= Grigorijs Ņemcovs =

Latvian journalist, businessman and politician

Ņemcovs

Grigorijs Ņemcovs (Григорий Владимирович Немцов, Grigory Nemtsov; 11 December 1948 – 16 April 2010) was a Latvian journalist, businessman and politician (deputy mayor of Daugavpils). He began his career in Daugavpils city council. He published a regional newspaper (Million) and owned a local television station.

== Biography ==
Ņemcovs founded Latvia's largest regional Russian-language newspaper, Million, in 1995. The paper has covered political and local government corruption and mismanagement.

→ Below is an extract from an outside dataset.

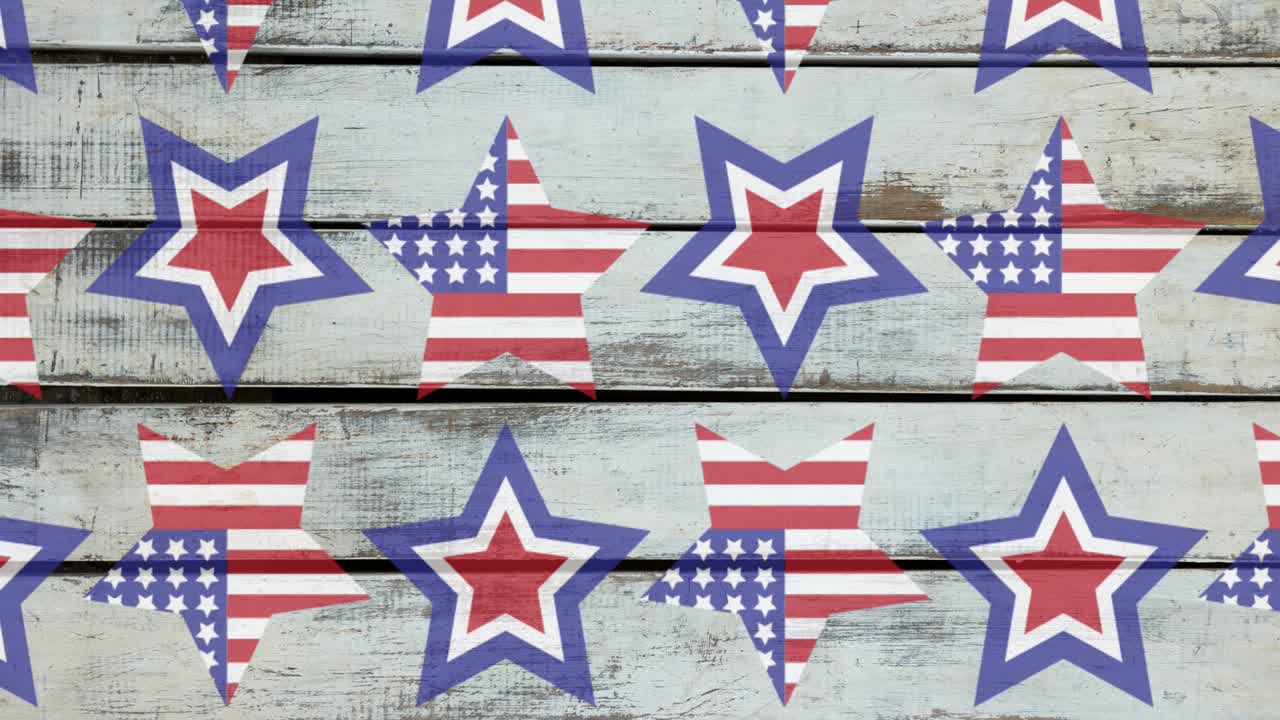 Animation of stars coloured in american flag over wooden background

He was the founder of the society movement Latgales Tauta (Nation of Latgale). In 2007, death threats were made against Ņemcovs, and his house was burned down. The arsonists have not been identified. He was also physically attacked in 2000 by unidentified assailants who took his passport.

On 16 April 2010, Ņemcovs was shot twice in the head at close range when he went to a meeting in a café. The murder appeared to have been carefully planned and executed. The gunman seemed to have been following Ņemcovs when he arrived at a café on Lāčplēša iela near the University of Daugavpils. He was already dead when emergency services arrived at the scene. He was 61 years old.